Pictures with short captions:

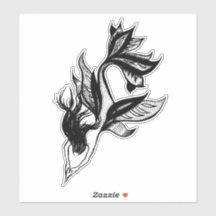 Mermaid Tattoo Style Stipple Schattige Tinte Zeich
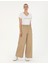 Kadın Bej Dokulu Flare Hıgh Waist Fit Pantolon 50289354-VR011 3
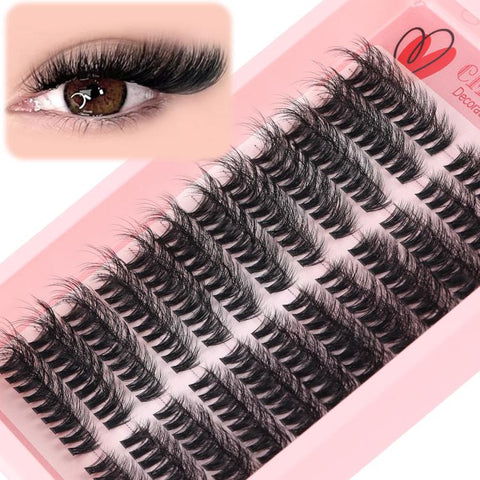 216 Dense Clusters DIY Segmented Eyelash Extensions Naturally Curled Single Cluster False Eyelashes, DIY-SET-595（30D）, DIY-SET-596（40D）, DIY-SET-597（50D）, DIY-SET-598（60D）, DIY-SET-599（80D）, DIY-SET-600（100D）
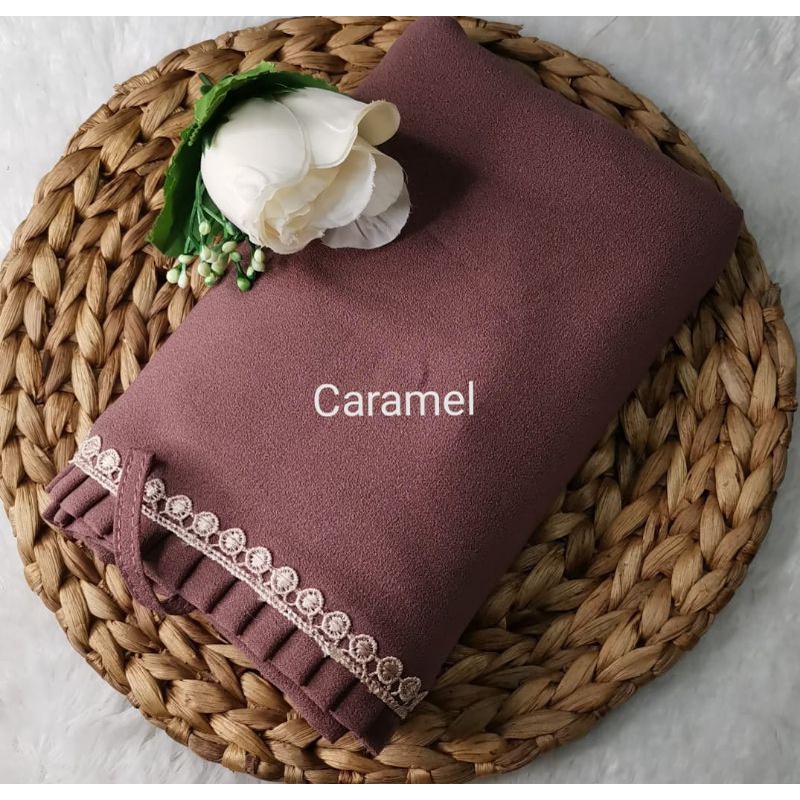 BERGO MARYAM KCB-LIPIT RENDA/AL'FADANI HIJAB-Caramel
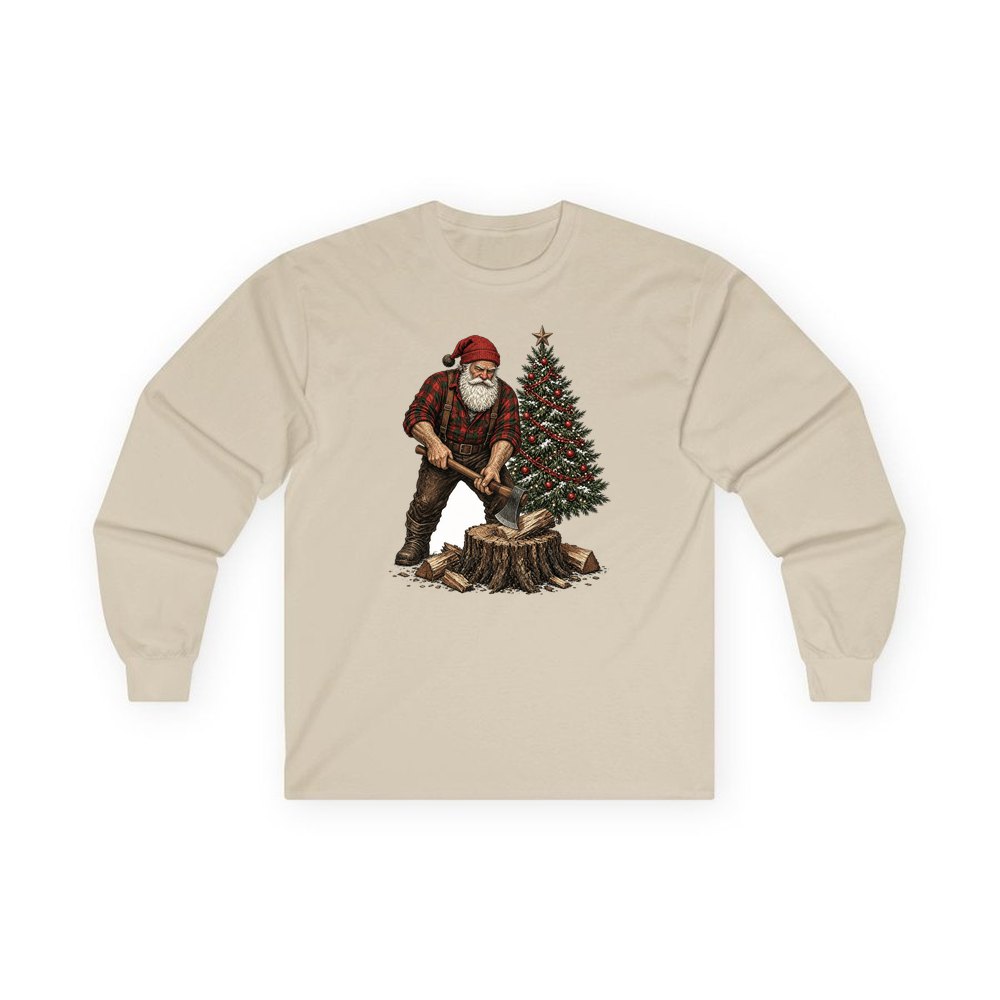 Lumberjack Santa Chopping Wood personalised long sleeve Christmas T-shirt in sand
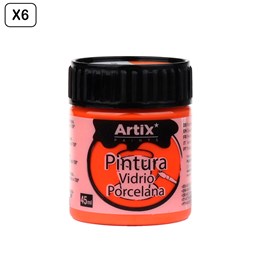 Pack 6 uds. Pinture céramique et verre 45 ml couleur orange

* What needs to be done
Could you reproduce every record above exactly, leaving out the pictures?

* Response area
 Mermaid Tattoo Style Stipple Schattige Tinte Zeich
 Kadın Bej Dokulu Flare Hıgh Waist Fit Pantolon 50289354-VR011 3
 216 Dense Clusters DIY Segmented Eyelash Extensions Naturally Curled Single Cluster False Eyelashes, DIY-SET-595（30D）, DIY-SET-596（40D）, DIY-SET-597（50D）, DIY-SET-598（60D）, DIY-SET-599（80D）, DIY-SET-600（100D）
 BERGO MARYAM KCB-LIPIT RENDA/AL'FADANI HIJAB-Caramel
 Lumberjack Santa Chopping Wood personalised long sleeve Christmas T-shirt in sand
 Pack 6 uds. Pinture céramique et verre 45 ml couleur orange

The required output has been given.